Samuel Bellamy (c. February 23, 1689–April 27, 1717), aka "Black Sam" Bellamy, was an English pirate who operated in the early eighteenth century. Before the Disney theme ride and before the billion-dollar movie franchise starring Johnny Depp, a real life pirate captain plundered the Atlantic coast from New England to the Caribbean Sea. His name was Sam “Black Sam” Bellamy. Born in Devon, England in 1689, Bellamy left his home for a life at sea at an early age before making his way to Cape Cod in the early 1700’s. In the tiny Cape Cod village of Wellfleet, the young Bellamy met his true love, a blonde teenaged beauty named Maria “Goody” Hallett. The young couple soon became inseparable, taking long strolls across the rolling dunes where they talked about getting married and raising a family in their picturesque ocean-side community where a man with a strong knowledge of the sea could support his wife and children through fishing, which was bountiful.

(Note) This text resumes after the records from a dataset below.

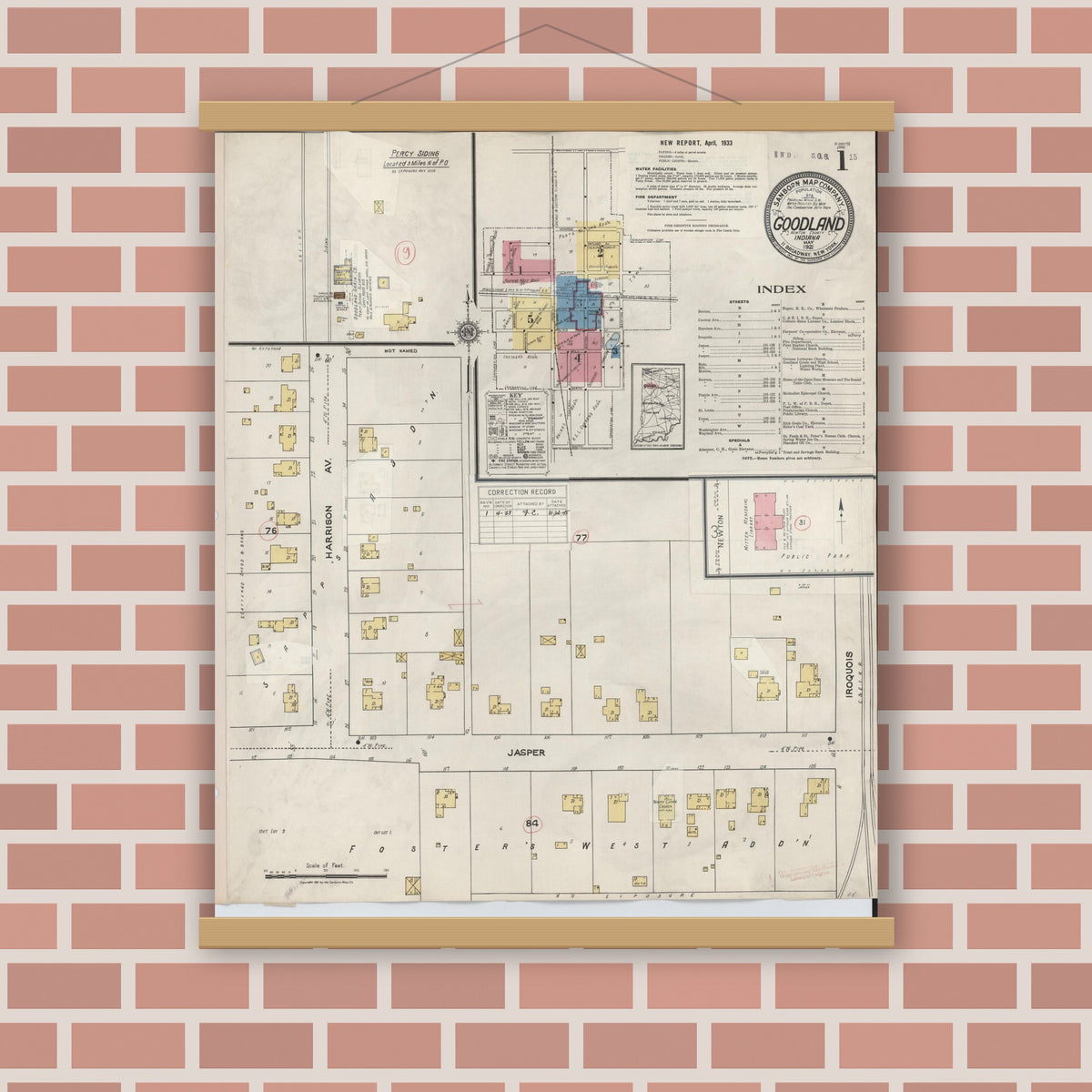 Old map wall art mockup — magnetic wood frame on brick wall — Sanborn Fire Insurance Map from Goodland, Newton County, Indiana (1933) - Complete Map Set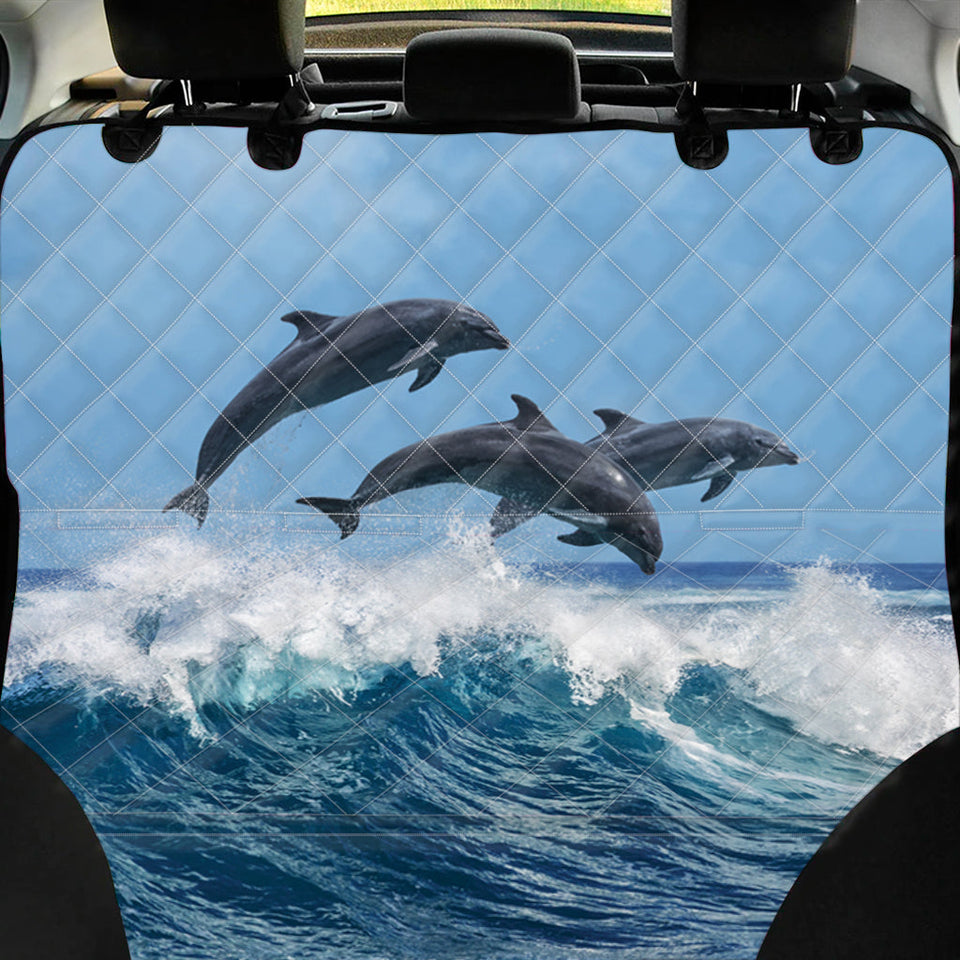Pet Car Seat Dolphins Jumping Over Waves Print Pet Car Back Seat Cover, Dog, Cat Lovers - Love Mine Gifts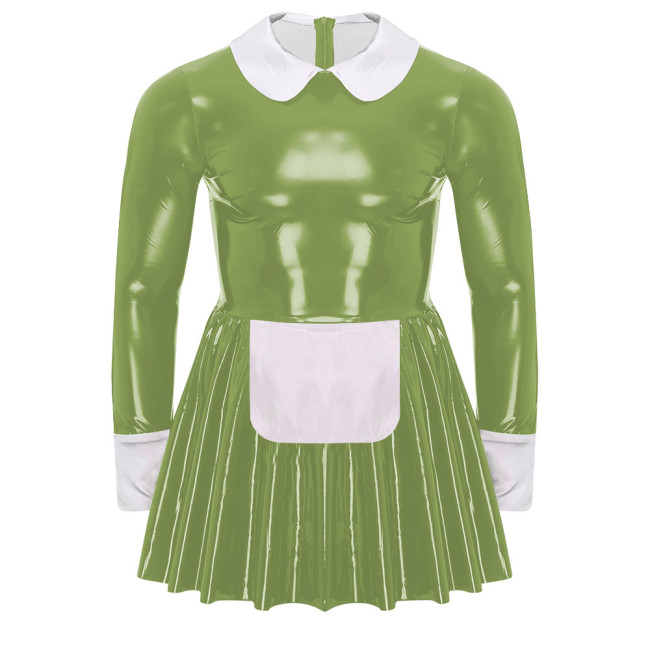 Shiny PVC Leather Sweet Maid Cosplay Costume A-line Pleated Mini Dress with Apron Long Sleeve Turn-down Collar French Maid Dress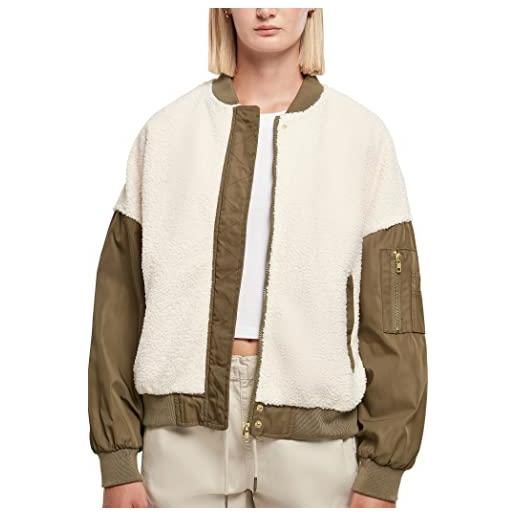 Urban Classics giacca da donna oversize sherpa mixed bomber, whitesand/darkolive, m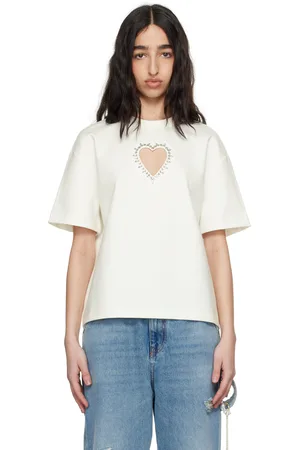 AREA T-shirt décontracté blanc à découpe en forme de cœur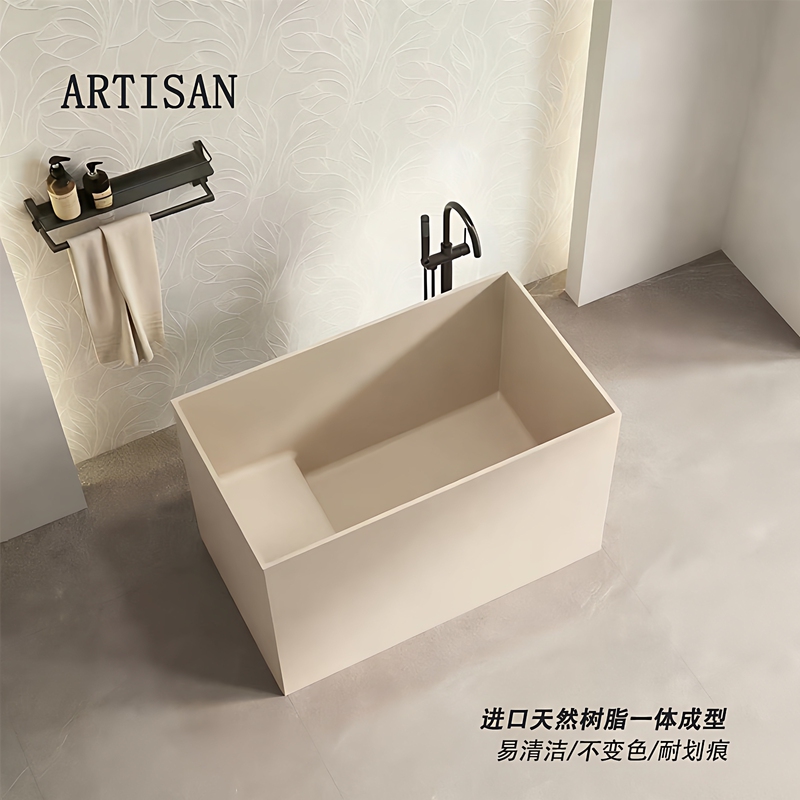 Small Household Pmma Artificial Stone Mini Bathtub, Japanese-Style Square Integrated Deep Soaking Sitting-Type 1.0m Small Bathtub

Bellamy had worked on rigged ships for several years and had strived to become a prosperous sea captain. Goody’s father however, believed that his beautiful daughter had more promising prospects for marriage and halted his ambitions. Bellamy was soon driven out of Wellfleet by the elder Hallett who told him to “leave this place and never return”. Though his known career as a pirate captain lasted little more than a year, Bellamy and his crew captured more than 50 ships before his death at age 28. Called "Black Sam" in Cape Cod folklore because he eschewed the fashionable powdered wig in favor of tying back his long black hair with a simple band, Bellamy became known for his mercy and generosity toward those he captured on his raids. This reputation gained him the second nickname of the "Prince of Pirates," and his crew called themselves "Robin Hood's Men."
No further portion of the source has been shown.